- _Records for processing_:
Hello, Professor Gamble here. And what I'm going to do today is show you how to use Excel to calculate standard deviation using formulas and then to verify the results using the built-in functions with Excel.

---

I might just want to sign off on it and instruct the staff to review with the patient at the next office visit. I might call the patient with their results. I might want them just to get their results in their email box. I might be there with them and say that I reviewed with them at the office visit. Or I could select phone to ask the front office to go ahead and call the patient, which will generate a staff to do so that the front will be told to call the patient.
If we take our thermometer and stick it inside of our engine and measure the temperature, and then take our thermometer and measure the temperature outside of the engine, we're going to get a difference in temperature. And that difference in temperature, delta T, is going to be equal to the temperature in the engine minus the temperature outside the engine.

---

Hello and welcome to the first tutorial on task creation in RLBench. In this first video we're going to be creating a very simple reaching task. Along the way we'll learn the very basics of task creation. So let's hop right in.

- _Goal of the exercise_: Once you have checked each line above for the string "that", state how many lines contain it and add nothing more.

- _Response to this task_: 2